Note: The elections of 1948 and 1951 were partial renewal elections in which only seats in two of the country's four electoral districts were reassigned. The proportion of votes is therefore not comparable with the values ​​of the other years. The total number of seats is given after the election, including the seats that were not available for election.

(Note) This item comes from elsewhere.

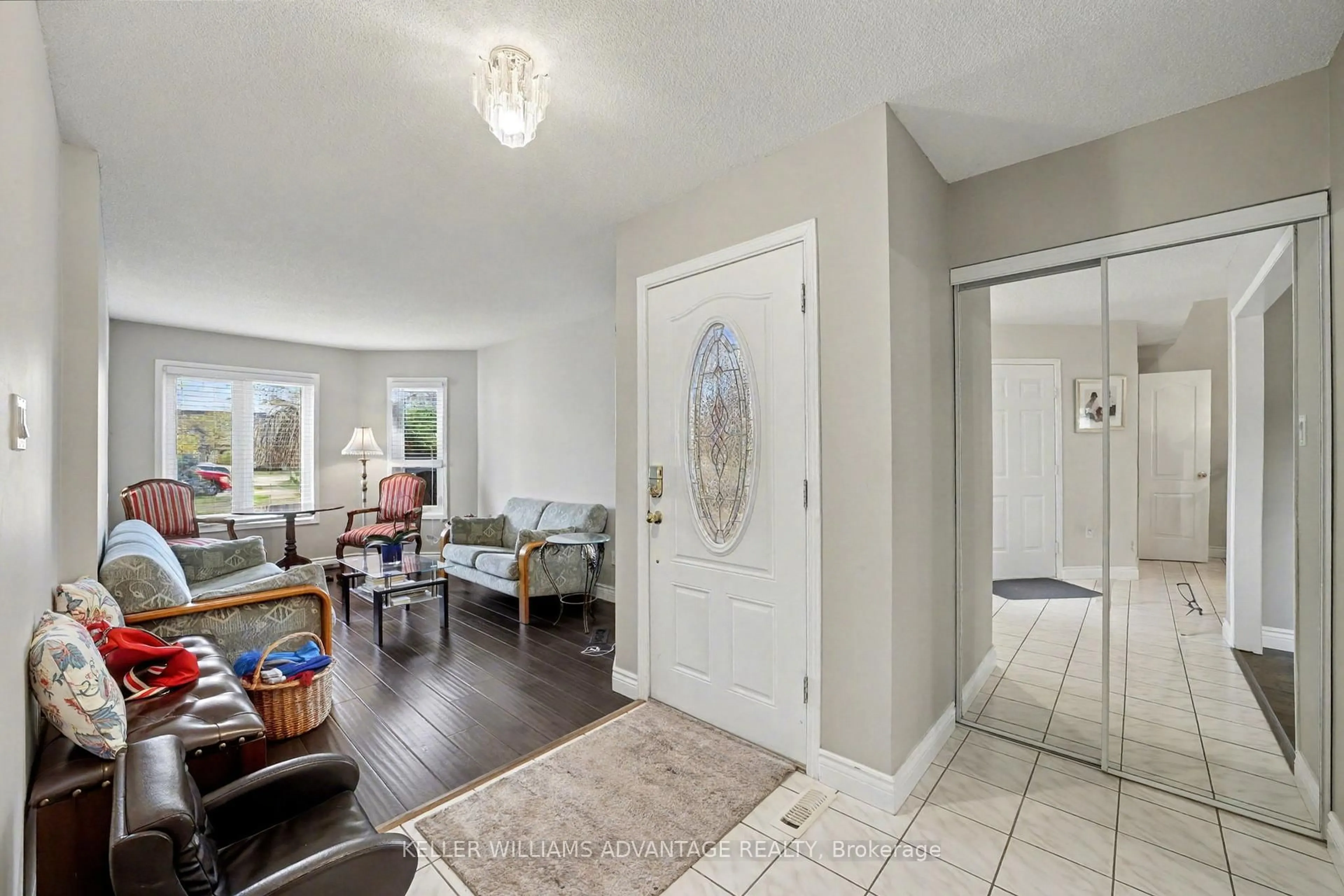 Indoor entryway for 17 James Young Dr, Halton Hills Ontario L7G 5S6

year Share of votes rank Seats Government division?
1945 23.4% 2. 11 of 51 All party government
1948 37.8% 1. 15 of 51 opposition
1951 33.8% 2. 19 of 52 opposition
1954 35.1% 2. 17 of 52 Bech-Bodson
1959 34.9% 3. 11 of 52 opposition
1964 37.7% 1. 21 of 56 Werner Cravatte
1968 32.3% 2. 18 of 56 opposition
1974 29.2% 2. 17 of 59 Thorn-Vouel-Berg
1979 24.3% 2. 14 of 59 opposition
1984 33.6% 2. 21 of 64 Santer Poos I.
1989 26.2% 2. 18 of 60 Santer-Poos II
1994 25.4% 2. 17 of 60 Santer-Poos III / Juncker-Poos
1999 22.4% 3. 13 of 60 opposition
2004 23.4% 2. 14 of 60 Juncker-Asselborn I.
2009 21.6% 2. 13 of 60 Juncker-Asselborn II
2013 20.2% 2. 13 of 60 Beggar tailor
2018 17.6% 3. 10 of 60 Bettel-Schneider-Braz

European elections

year Share of votes Parliament seats
1979 21.6% 1
1984 29.9% 2
1989 25.4% 2
1994 24.8% 2
1999 23.6% 2
2004 22.1% 1
2009 19.4% 1
2014 11.7% 1
2019 12.2% 1

literature

  • Fayot, Ben: Socialism in Luxembourg. From the beginning to 1940 . Luxembourg 1979. Digitized on the website of the Lydie Schmit Foundation, PDF file, 145 MB
  • Fayot. Ben: Socialism in Luxembourg. From 1940 to the beginning of the eighties . Rsch 1989. Digitized on the Lydie Schmit Foundation website, PDF file, 114 MB
  • 100 Joer socialists at the Gemeng Käl-Téiteng . Publication series of the LSAP local branch Kayl-Taiteng , volume 23, 2003. Detailed description of the history of the entire party with special consideration of the politics in the community on the occasion of the 100th anniversary of the local branch. Digital version on the Lydie Schmit Foundation website, PDF file, 29 MB
  • Patrick Dumont, Fernand Fehlen, Philippe Poirier: Party system, political parties and elections. In: Wolfgang H. Lorig, Mario Hirsch (ed.): The Luxembourg political system: An introduction , Wiesbaden 2008, ISBN 978-3-531-14182-4 , section on the LSAP, pp. 180-182.

Web links

Commons : Lëtzebuerger Sozialistesch Aarbechterpartei  - Collection of pictures, videos and audio files

Individual evidence

  1. Tina Koch takes over the helm of LSAP North. Tageblatt , February 3, 2019, accessed on February 7, 2019.
  2. ^ Congress in Remich: LSAP East licks its wounds. Tageblatt, February 27, 2019, accessed on September 17, 2019.
  3. LSAP relies on cooperation and internal party dialogue - Franz Fayot new party president. LSAP press release of January 23, 2019 on its website, accessed on February 3, 2019.
  4. "An important day for the LSAP" Lëtzebuerger Journal , January 22, 2019, accessed on February 4, 2019.
  5. ^ "An important day for the LSAP" Lëtzebuerger Journal , January 22, 2019, accessed on September 16, 2019.